Although the
gemfire-locator job on locator VMs will appear to be running consistently and
gemfire-server jobs will appear to be switching between starting, running and failing, you don't need to touch the GemFire servers.
The get around this problem we need to
monit stop
all the
gemfire-locator jobs on the locator VMs and start them one by one.
Note: This does not mean you can use monit restart
. At some point, it is required that none of the gemfire-locator jobs are running.
Follow the below instructions:
1. Stop the
gemfire-locator jobs on each locator VM. You can reference each locator using 0 based index. For example, locator/0, locator/1 etc.

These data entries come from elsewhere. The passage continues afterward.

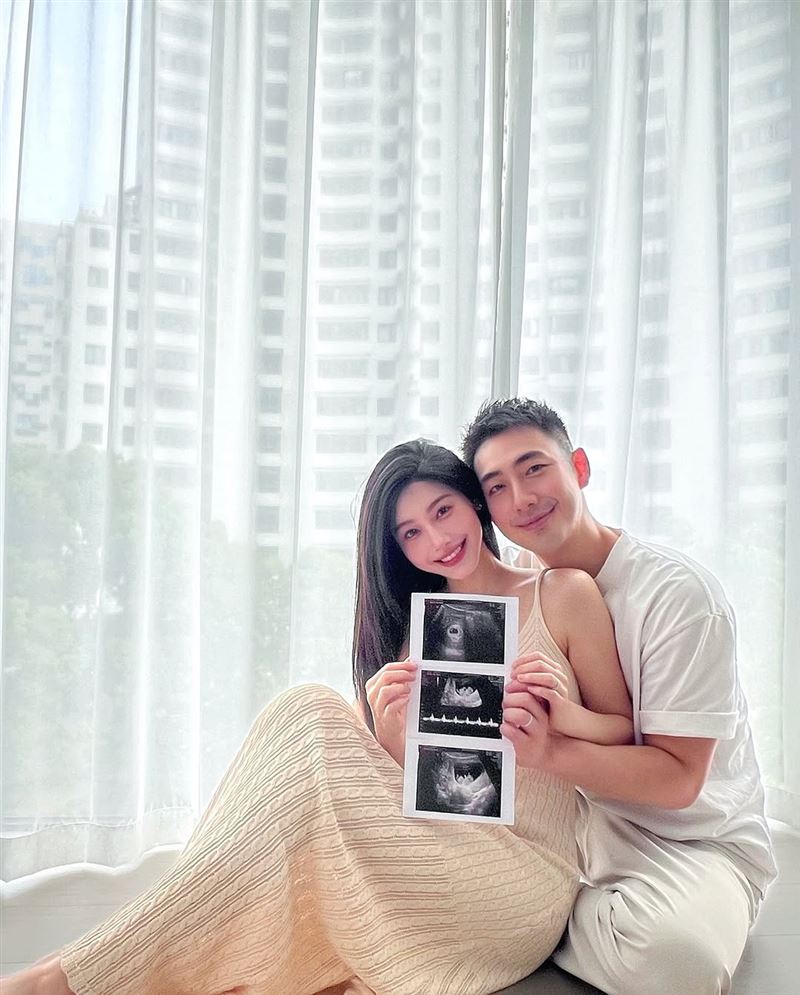 恭喜「無名傳奇正妹」生了!小予曬兒子萌照 1狀況哭認:還不能抱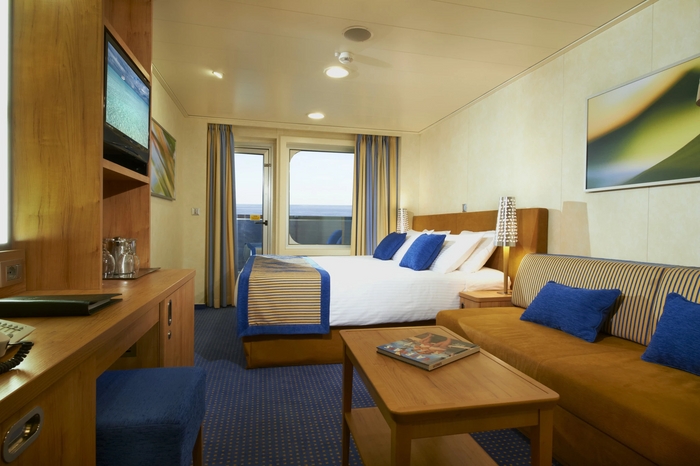 Photo of cabin: Balcony Stateroom (Guaranteed)
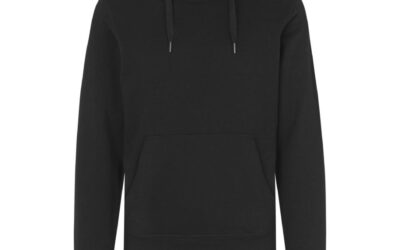 Hoodie Herre Sort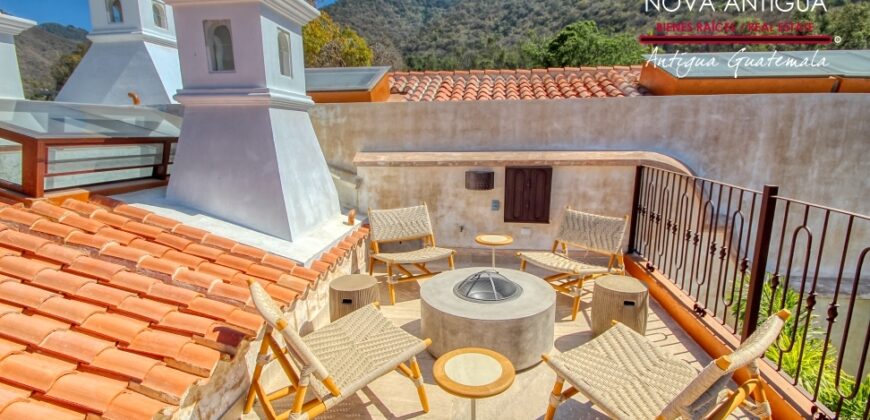 SI18 – Exclusive Colonial Residence in La Antigua Guatemala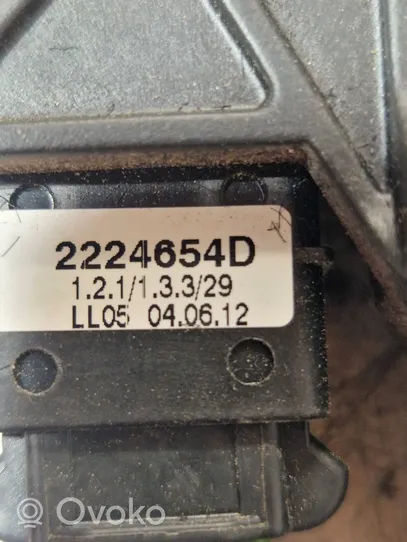 Peugeot 508 Sunroof motor/actuator 2224654D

bosh -e ENV -d DEPLOYMENT ssh locator/0
sudo su
monit stop gemfire-locator
2. Verify that all the
gemfire-locator jobs in all locator VMs are actually stoped by running
bosh -e ENV -d DEPLOYMENT instances --ps
. All the gemfire-locator jobs should be in stopped state.
3. Now start the
gemfire-locator jobs on each locator VM.
bosh -e ENV -d DEPLOYMENT ssh locator/0
sudo su
monit start gemfire-locator
After the above commands are executed, the flapping of
gemfire-servers should now stop and the servers should be in running state. Execute the command,
watch
bosh -e ENV -d DEPLOYMENT instances --ps
for a minute to make sure
gemfire-server jobs are not switching states.